Nokia and Microsoft are the two companies that have gone through the strategic alliance. On 11th February 2011, they declared their plans to form a broad strategic partnership that would use their expertise and complementary strengths to create a new global mobile ecosystem. They intend to mutually create market-leading mobile products and services designed to offer developers, operators and customer’s unrivaled opportunity and choice. The partnership would create the opportunity for rapid time to market execution because each company would be focusing on its core competencies.


 Image Source: http://www.digitaltrends.com/wp-content/uploads/2011/02/nokia-plan-to-move-forward-stephen-elop-steve-ballmer.jpg

 

Merger and Acquisition

The best example for Merger & Acquisition (M&A) of Sony Corporation and Ericsson.
Merging of Sony Corporation and Ericsson and becoming Sony Ericsson in October 1, 2001.


Image source: http://cdn.ausdroid.net/wp-content/uploads/2011/10/Sony-Ericsson-Buyout.jpg

The Acquisition of Ericsson’s share by Sony Corporation becoming Sony Mobile Communication in February 16, 2012 can be the best example of Acquisition.

Images source: http://www.houseofjapan.com/electronics/sony-finalizes-divorce-with-ericsson-renames-itself-sony-mobile-communications




3. Briefly discuss the merger between Britvic and AG Barr. What advice would you give to the new board?


The new company “Barr Britvic Soft Drinks PLC” was founded after two separate companies “AG Barr” and “Britvic” merged together to be one. Britvic shareholders hold 63% of shares and AG Barr shareholders holds the remaining 37% shares.
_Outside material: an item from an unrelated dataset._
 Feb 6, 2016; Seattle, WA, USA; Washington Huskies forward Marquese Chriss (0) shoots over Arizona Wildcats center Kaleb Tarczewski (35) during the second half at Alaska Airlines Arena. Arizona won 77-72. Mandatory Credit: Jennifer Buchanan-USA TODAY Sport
The merger strategies have brings many positive aspects to the company and some of them are:
·         Loyal customers of both the company will be buying the products of the newly merged company. There is a high chance of shift from some other brand to the company’s brand.
·         With the combination, there will be better chance for the company to compete with Coke by entering in some new market and thus gaining market shares.
·         The newly combine company will be benefited from the economy of the scale.
·         The cost reduction is very effective especially in difficult or strong markets because AG Barr is strong in certain market which now will help for Britvic to go in that market and vice versa.
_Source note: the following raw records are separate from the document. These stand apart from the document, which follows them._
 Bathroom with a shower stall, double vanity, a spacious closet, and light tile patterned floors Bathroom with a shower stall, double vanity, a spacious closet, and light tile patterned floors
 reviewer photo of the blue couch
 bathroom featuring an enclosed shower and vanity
The potential risk of merger between Britvic and Barr are:

·         Britvic’s half of the turnover comes from a low margin bottling hence, merger with Barr may not have helped Britvic to resolve their problems.
·         The customer dissatisfaction for one product has negative impact on another product. For instance, if a loyal customer of Barr has a bad experience with the service or products of Britvic, then the customer may shift from Barr to other brand as Barr and Britvic are combined. Hence, there is a high chance of customers shifting to another brand because of their customers’ dissatisfaction.
·         Britvic’s half of the turnover comes from a low margin bottling hence, merger with Barr may not have helped Britvic to resolve their problems.



Advice and suggestion to the new board:

·         The investment should be increase in order to gain the quick market share and unnecessary expenses should be cutoff.
·         There should be equal support and coordination among the staffs and board members for the new brand.
·         The flow of communication must be effective and the whole company should have common vision and strategy.





References

·         Online available from http://www.business-sale.com/expanding-your-business-through-m-and-a.html  [Accessed March 21, 2013]
·         Johnson, Whittington and Scholes (2011) Exploring Strategy, 9th Edition, Pearson Education, Chapter 10
·         Johnson, Whittington and Scholes (2011) Exploring Strategy, 9th Edition, Pearson Education, Chapter 6
·         Online available from http://executiveeducation.wharton.upenn.edu/ . [Accessed March 21, 2013]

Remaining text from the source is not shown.